Yesterday's post on What NetRoots Nation Can Learn From Pittsburgh was pretty long. Pittsburgh is an old and complicated place. Not everything there is to learn is a good thing, but there is a lot to learn.

This post is shorter. That's partly because NetRoots Nation is a new and relatively simple phenomenon. It's partly because I skeptical that "Pittsburgh," however you might take the place name as standing in for one or more city and regional populations, is capable of learning much of anything. We are who we are, as Popeye might have said. The local folks who are mostly likely to learn from and adapt the ideas and tactics of NetRoots Nation are the folks who are already learning from and adapting the ideas and tactics of NetRoots Nation. Last night I went to the NetRoots Nation after-party at the Warhol Museum. I saw Dok Harris there, and Kevin Acklin. It's possible that Luke Ravenstahl made an appearance; after 11 pm the place got pretty crowded, and when the lines at the bars got 15 people deep, I ducked out. Was Luke there? The place didn't have a Ravenstahl vibe.

But reckless optimism is sometimes warranted; once in a great while, it pays off. The younger/progressive wing of Pittsburgh can learn from NetRoots that naive enthusiasm is not enough. I talk to younger people in Pittsburgh who are wildly and unrealistically optimistic about Pittsburgh's bright future; they are unaware of the daunting financial challenges that lie ahead. They can learn that social media and connectivity are not enough. (I'm getting better with the social media stuff; Pittsblog is now on Facebook and Twitter.) You have to have a message, and you have to connect the content to on-the-ground strategies. Content matters; you have to have something that's worth saying. And that wing can learn that a narrow base isn't enough. (Mayoral campaigns that build foundations in Squirrel Hill, Shadyside, Point Breeze, Regent Square, and Highland Park are unlikely to get much traction outside those neighborhoods.)

Some of those messages are already sinking in; there were more than a few Pittsburghers in the NetRoots crowd last night.
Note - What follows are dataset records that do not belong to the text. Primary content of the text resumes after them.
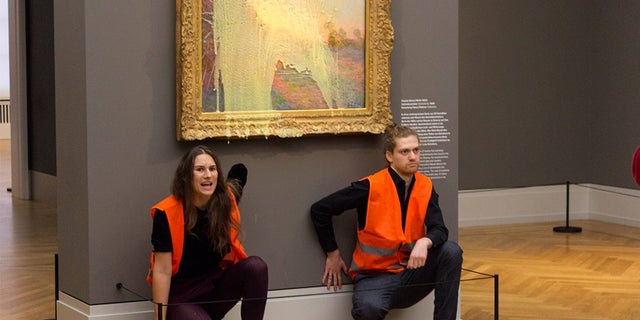 Climate change activists destroy painting to draw attention to climate change. 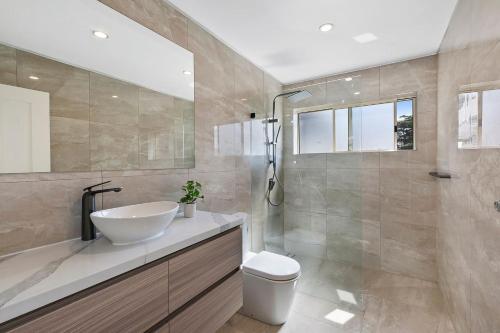 a bathroom with a sink and a toilet and a shower at Toukley Waterfront House in Toukley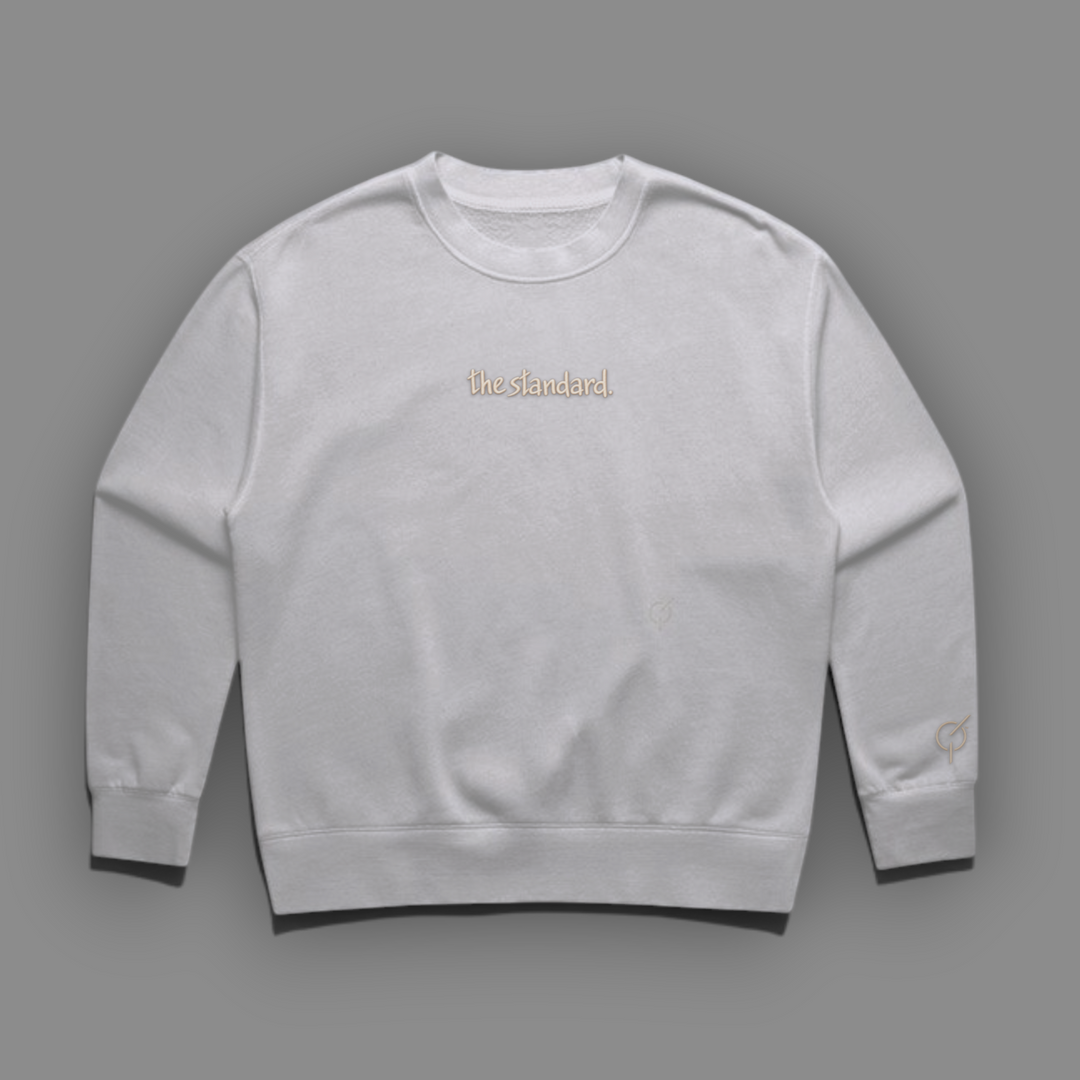 The Standard Faded Crewneck in faded bone with the standard. embroidered with sand colored thread on the chest.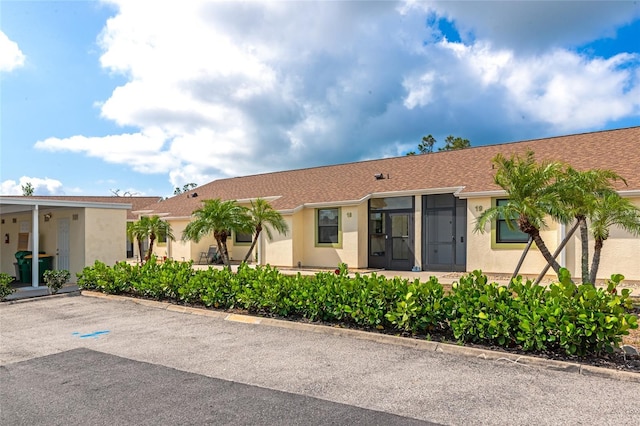 6796 Gasparilla Pines Blvd Unit 18, Englewood, FL 34224 - view of front of property with stucco siding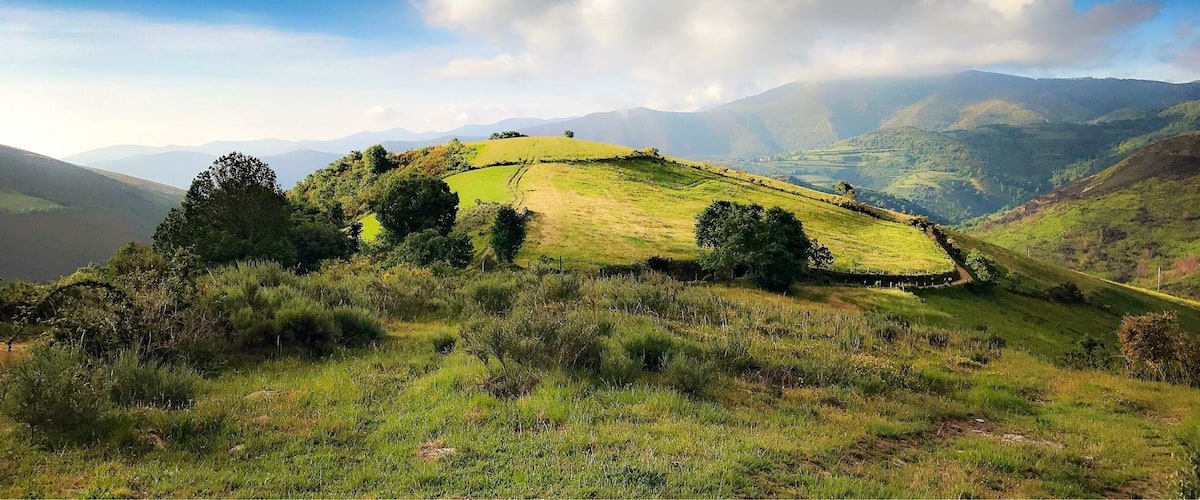 A grassy hillside with a fence, trees, and distant mountains under a partly cloudy sky.
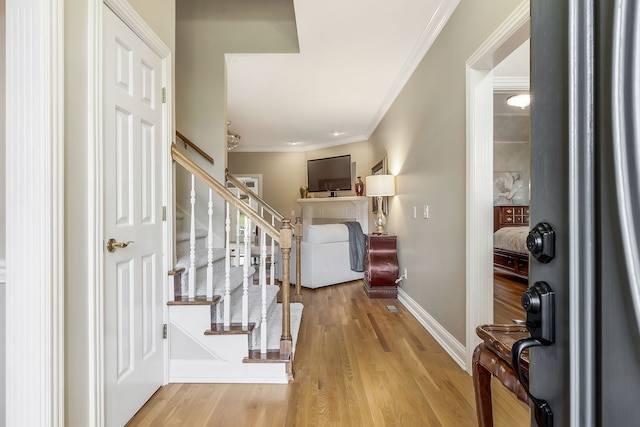 entryway with light hardwood / wood-style flooring and ornamental molding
But there is much to be done.

Turning from younger/progressive end of the socio-political spectrum to the older/establishment end of the socio-political spectrum, there are complementary lessons to be learned: Adapt or be swept away. When the younger/progressive wing gets better organized and gets more strategic, and if it can come up with serious arguments on the structural economic and financial problems facing the region, then that wing becomes a force to be reckoned with. It isn't necessarily an irresistable force, but it has to be acknowledged in a way that in Pittsburgh, today, it rarely is. You can almost sense the traditional institutions of power creaking under the wind blowing from a NetRoots-type direction. (Cf. the question about Luke Ravenstahl, above.) The Post-Gazette's economic and editorial heads are barely above water. The Allegheny Conference and its partners are tweeting and Facebooking. Can the PG survive? Can the ACCD remain relevant? I think that the answers are yes and yes, but to do that both institutions need to get out in front of the political/technological curve, not chase after it. There are progressives/subversives lurking in the corridors of economic and political power in Pittsburgh, people who are waiting for the time to arrive when they don't have to place nice with the region's top-down, CEO culture in order to effect change and move the region into the 21st century. I know this because I know many of these people, and I know what they would like to do if history and politics didn't hold them back today. The time may come when patience and political good will are exhausted, when their strategic sense and sheer numbers will overwhelm the legacy institutions of the region, when they will stop pausing at the entrances to the metaphorical tunnels here that lead to Pittsburgh's future. Here and there, you see this happening already -- in the arts and technology communities, for example, where innovators and creators aren't necessarily going to wait for the blessings of traditional funders. The odds of that happening on a large scale are, in my view, low. But NetRoots Nation shows Pittsburgh that change is coming, like it or not.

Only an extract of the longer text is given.